Assignment: Only the lines of the listing below that run from the line with "10 adorable ways" through the line with "Qatar Blue Collar" are to be set down, word for word. Pictures stay out.
╭─ Source data
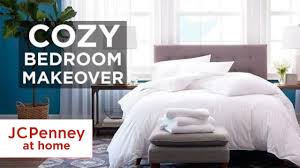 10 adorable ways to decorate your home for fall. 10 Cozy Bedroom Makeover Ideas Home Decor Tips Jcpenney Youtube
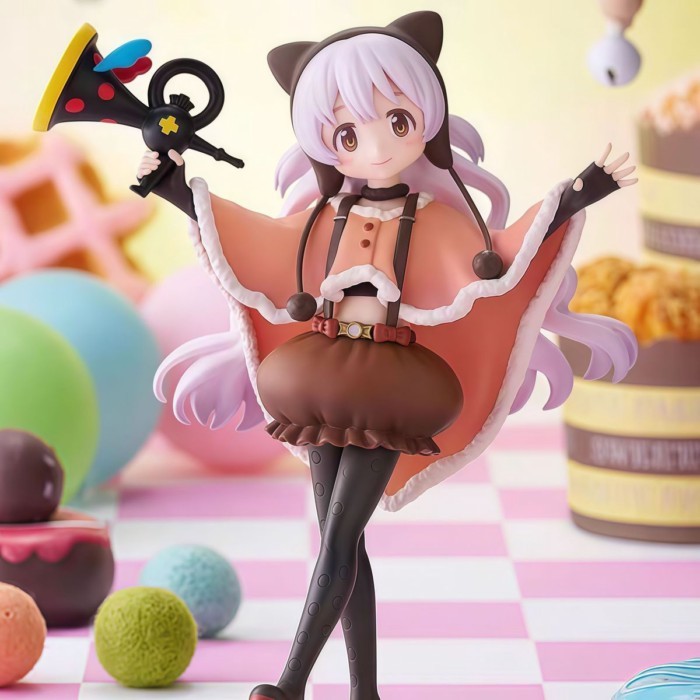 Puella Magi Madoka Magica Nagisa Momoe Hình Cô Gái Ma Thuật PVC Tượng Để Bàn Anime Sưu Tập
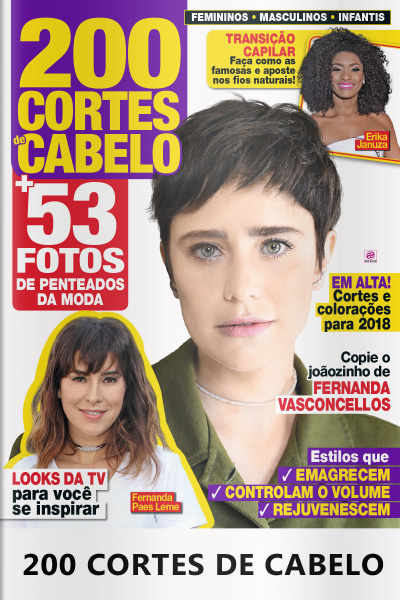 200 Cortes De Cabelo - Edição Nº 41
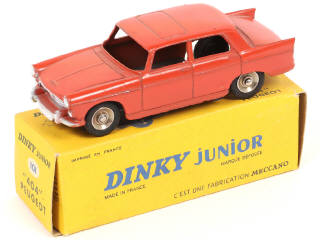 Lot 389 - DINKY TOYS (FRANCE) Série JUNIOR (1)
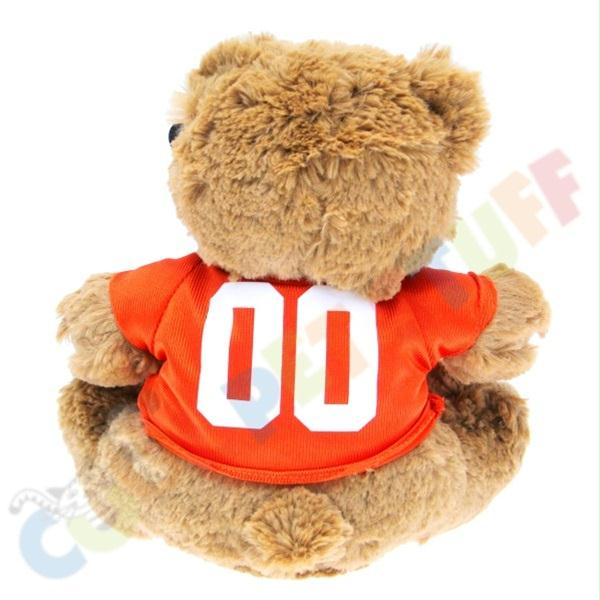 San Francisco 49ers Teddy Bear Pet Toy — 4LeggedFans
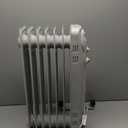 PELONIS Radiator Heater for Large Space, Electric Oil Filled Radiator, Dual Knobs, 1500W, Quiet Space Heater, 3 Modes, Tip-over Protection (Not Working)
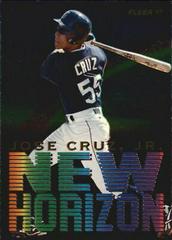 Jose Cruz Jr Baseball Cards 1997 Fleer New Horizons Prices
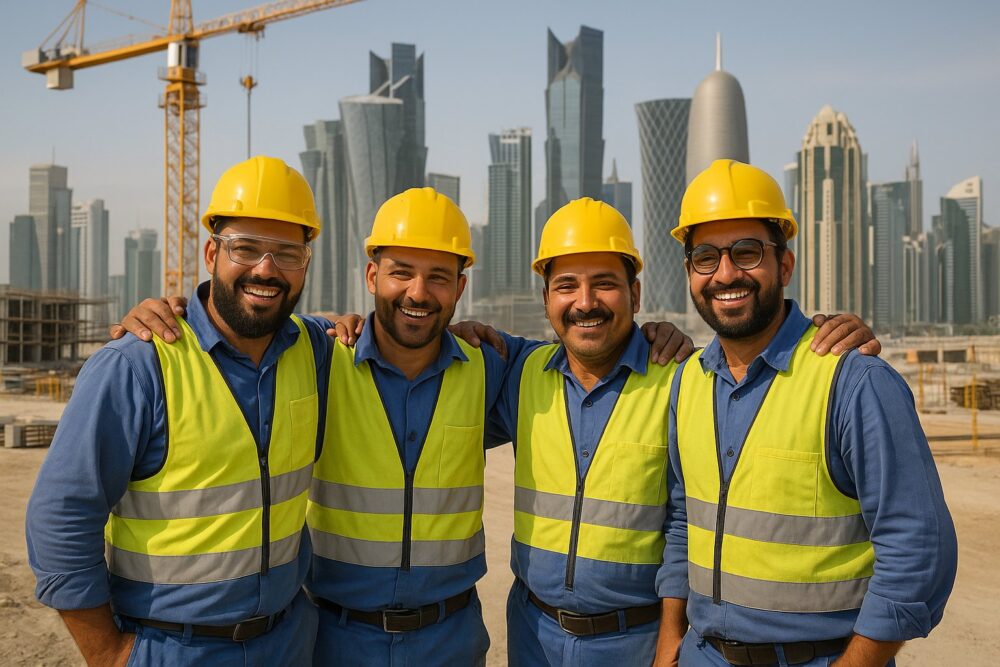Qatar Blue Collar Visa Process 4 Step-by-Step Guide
╰─
╭─ Source data
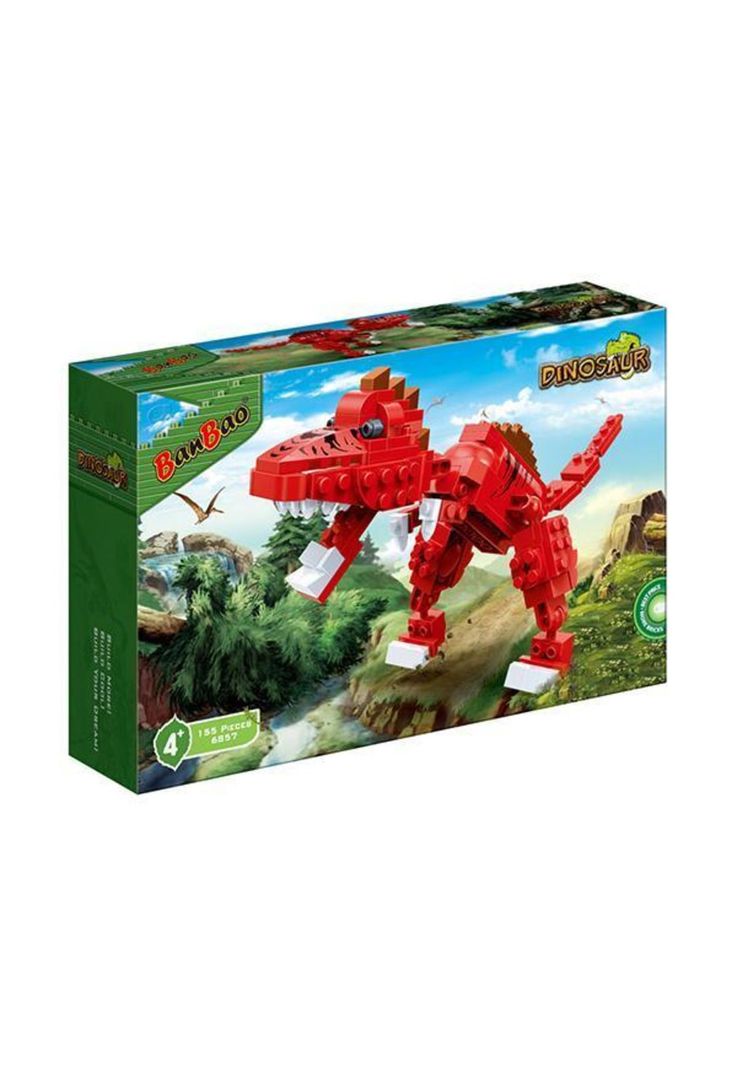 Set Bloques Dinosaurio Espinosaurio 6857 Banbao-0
╰─
Task solution:
 10 adorable ways to decorate your home for fall. 10 Cozy Bedroom Makeover Ideas Home Decor Tips Jcpenney Youtube
 Puella Magi Madoka Magica Nagisa Momoe Hình Cô Gái Ma Thuật PVC Tượng Để Bàn Anime Sưu Tập
 200 Cortes De Cabelo - Edição Nº 41
 Lot 389 - DINKY TOYS (FRANCE) Série JUNIOR (1)
 San Francisco 49ers Teddy Bear Pet Toy — 4LeggedFans
 PELONIS Radiator Heater for Large Space, Electric Oil Filled Radiator, Dual Knobs, 1500W, Quiet Space Heater, 3 Modes, Tip-over Protection (Not Working)
 Jose Cruz Jr Baseball Cards 1997 Fleer New Horizons Prices
Qatar Blue Collar Visa Process 4 Step-by-Step Guide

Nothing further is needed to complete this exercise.